McCain tried to inject some youth and enthusiasm into his campaign with his selection of Palin, Alaska’s governor, as his running mate. But the choice backfired as her political inexperience and shaky performances in media interviews raised concerns about her qualifications.
In his new book, McCain voiced regret for not choosing then-Senator Joe Lieberman, a Democrat turned independent, as his running mate.
McCain wrote that he had originally settled on Lieberman, Democrat Al Gore’s running mate in the 2000 election, but was warned by Republican leaders that Lieberman’s views on social issues, including support for abortion rights, would “fatally divide” the party.
“It was sound advice that I could reason for myself,” McCain wrote. “But my gut told me to ignore it and I wish I had.”
Obama won 53 percent of the vote to McCain’s 45.6 percent.
WAR INJURIES
During the Vietnam War, McCain flew attack planes off aircraft carriers. He was preparing for a bombing run in 1967 when a missile inadvertently fired from another plane hit his fuel tanks, triggering a fatal explosion and fire. He suffered shrapnel wounds.
A few months later on Oct. 26, 1967, McCain’s A-4 Skyhawk was shot down on a bombing mission over North Vietnam’s capital and he suffered two broken arms and a broken leg in the crash. A mob then dragged him from a lake, broke his shoulder and stabbed him.
Held at the notorious “Hanoi Hilton” prison and other sites, McCain was beaten and tortured, suffering broken bones and dysentery. He was released on March 14, 1973, but was left with permanent infirmities.
In Congress, McCain built a generally conservative record, opposing abortion and advocating higher defense spending.

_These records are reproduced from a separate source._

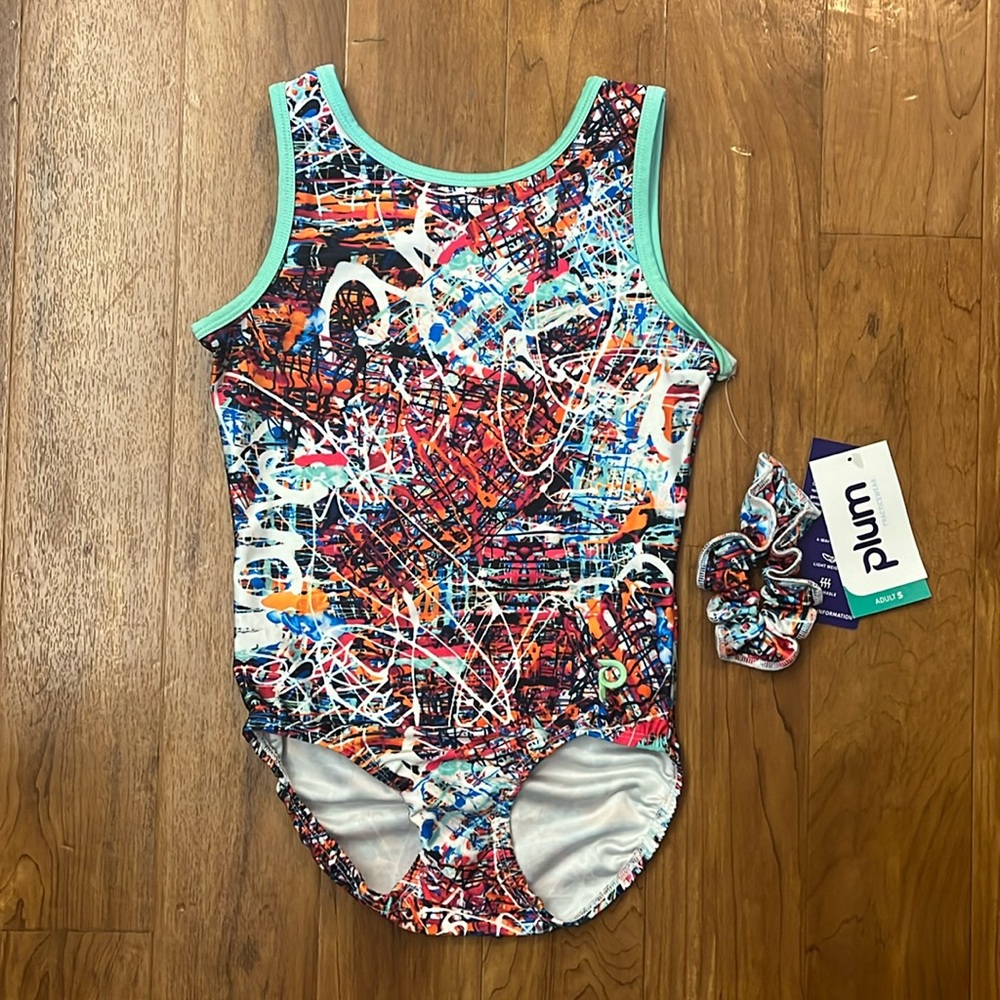 Plum Size Small New Multicolored Practice Leotard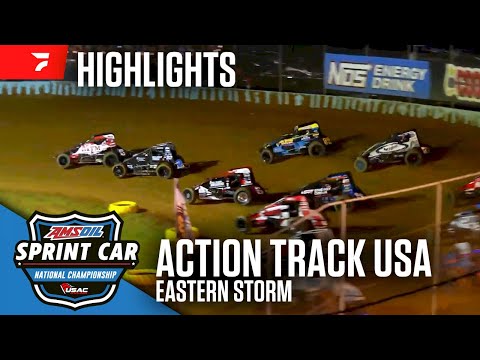 𝑯𝑰𝑮𝑯𝑳𝑰𝑮𝑯𝑻𝑺: USAC AMSOIL National Sprint Cars | Action Track USA | June 22, 2025 - dirt track racing video image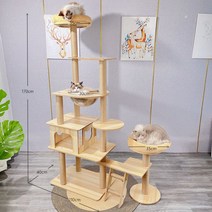 캣타워 다묘 원목 등반 프레임 반려묘 스크래쳐 DIY 대형 캡슐, 가구판재더블보금자리우주계단식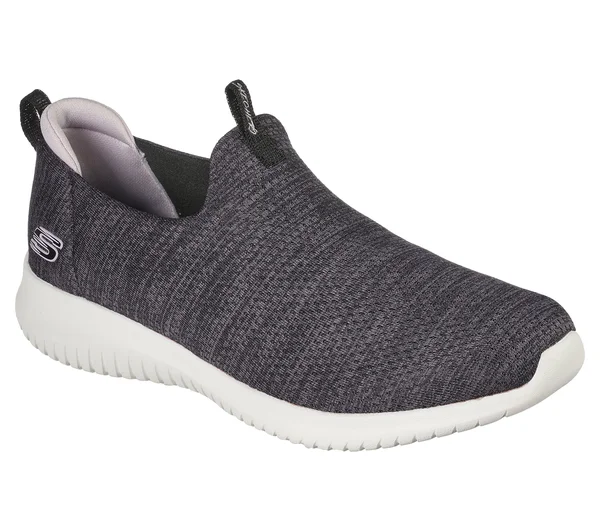 Women's Skechers Ultra Flex-Gracious Touch Slip on Sneaker, Size: 6, Black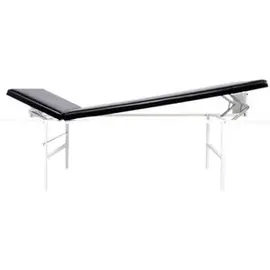 Söhngen Behandlungsliege 6001235s, aus Metall, schwarz, 2 Zonen, Kopf- & Fußteil verstellbar, wandklappbar, bis 150 kg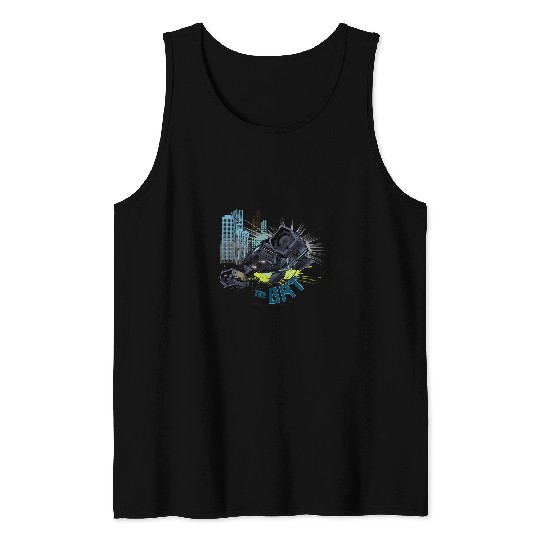 The Dark Knight Rises The Bat Aircraft Flying Through Gotham Tank Tops
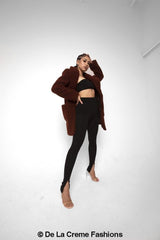 Jacqueline Oversized Teddy Coat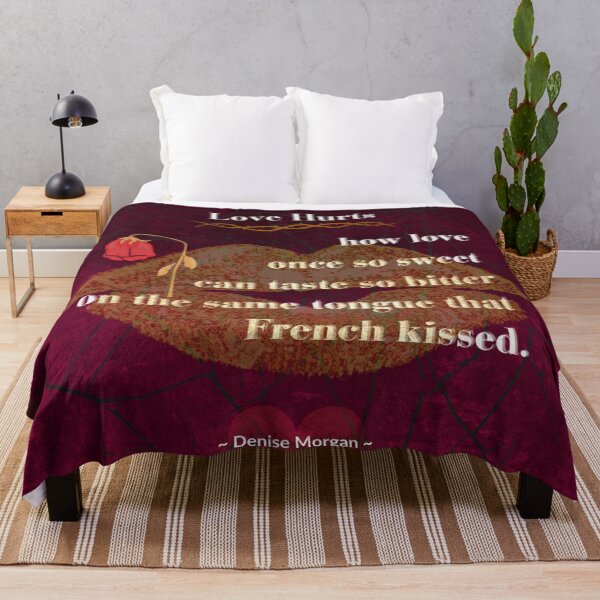 Item preview, Love Hurts, poem design, by Denise Morgan. designed and sold by Art With Impact – Statement Art & Apparel for Deep Thinkers.
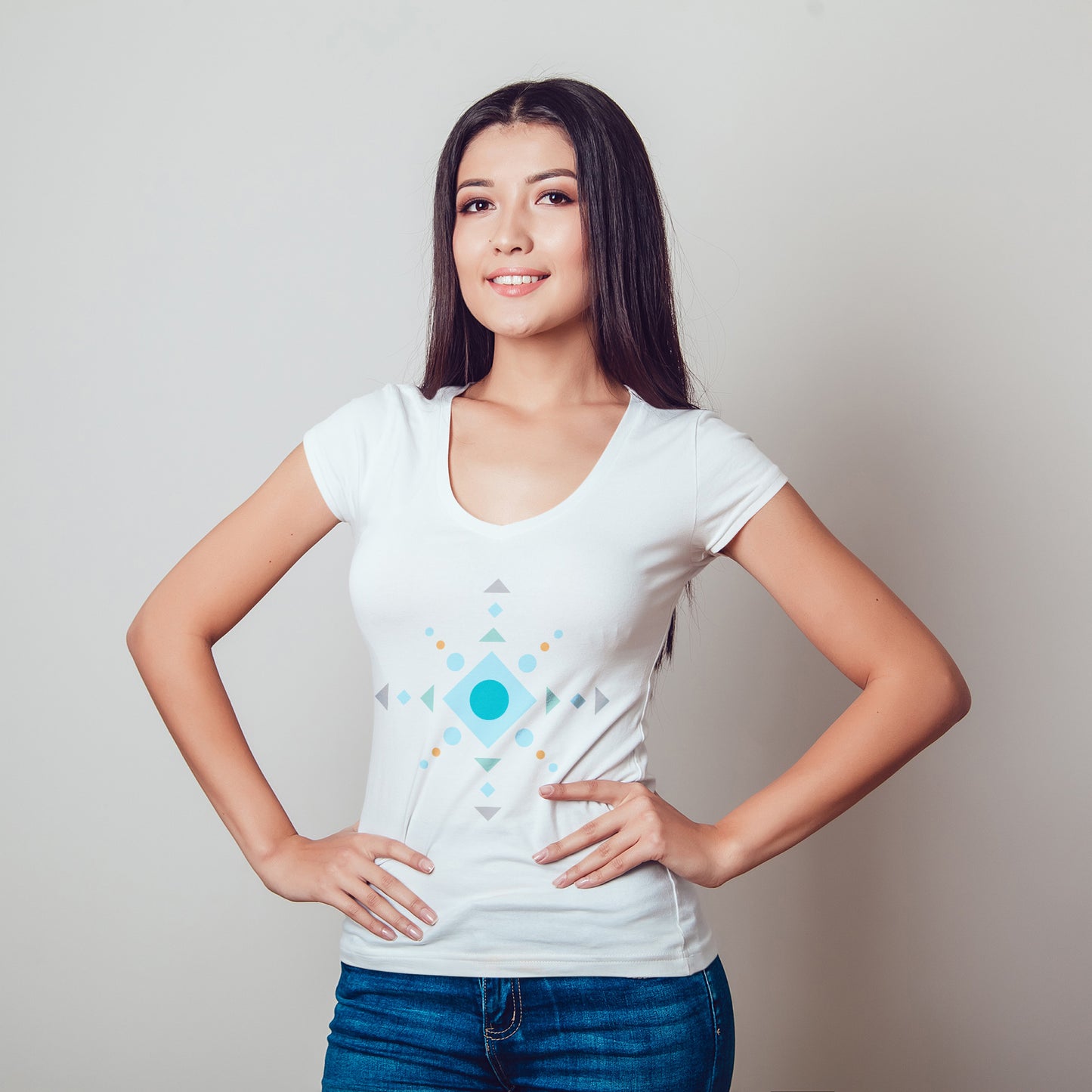 Geo Burst Women's Shirt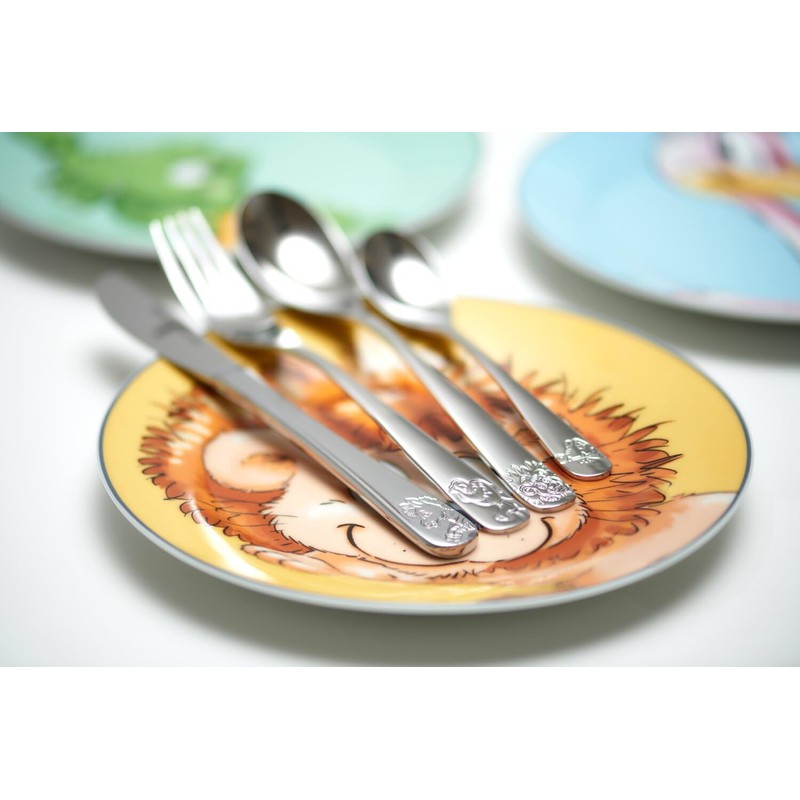 Ritzenhoff & Breker Happy Zoo 4-Piece Children's Cutlery Set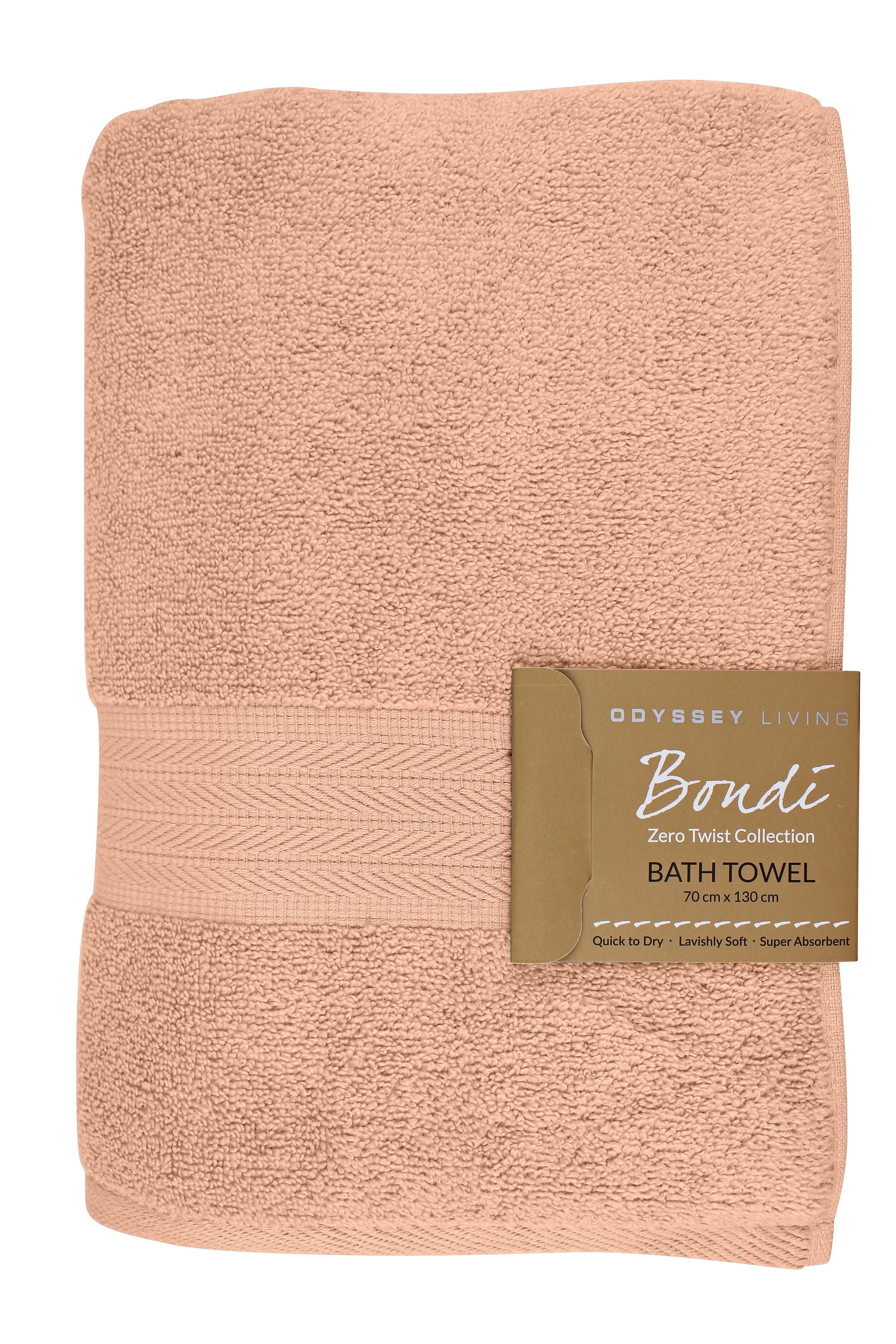 ODYSSEY LIVING | BONDI ZERO TWIST TOWEL COLLECTION - BATH TOWEL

He supported Bush’s 2003 invasion of Iraq and criticized Obama for not doing more to intervene in Syria’s civil war.
Still, he prided himself on his reputation as a maverick and had a history of working across party lines on immigration, climate change and campaign finance reform.
He also spoke out against the Bush administration’s use of waterboarding, a torture technique that simulates drowning, and other harsh interrogation tactics on detainees in the aftermath of the Sept. 11, 2001, attacks.
He urged the closure of the prison for foreign terrorism suspects at the U.S. naval base at Guantanamo Bay, Cuba, and also sponsored an anti-torture measure that passed Congress in 2005.
In a 2002 memoir, McCain wrote, “I’m an independent-minded, well-informed public servant to some. And to others, I’m a self-styled, self-righteous maverick pain in the ass.” John Sidney McCain III was born on Aug. 29, 1936, at an American naval installation in the Panama Canal Zone - U.S. territory at the time - when his father was stationed there.
He conceded he was a “smart ass” during his years at the U.S. Naval Academy and graduated fifth from the bottom of his class.
McCain divorced his wife Carol after 15 years of marriage in 1980 and weeks later married the former Cindy Henley, daughter of a wealthy beer distributor in Arizona.
A dark period for McCain came as one of the “Keating Five” group of senators accused of improperly intervening with federal regulators to help political contributor and bank executive Charles Keating, whose Lincoln Savings and Loan failed in 1989 at a cost to taxpayers of $3.4 billion.
McCain was cleared of wrongdoing in 1991, but the Senate Ethics Committee rebuked him for poor judgment.
On July 25, 2017, McCain delivered a Senate floor speech not long after his cancer diagnosis that was widely seen as his farewell address. It included a call to fellow Republicans to stand up to Trump and for all lawmakers to work together to keep America as a “beacon of liberty” in the world.
“That is the cause that binds us and is so much more powerful and worthy than the small differences that divide us,” McCain said.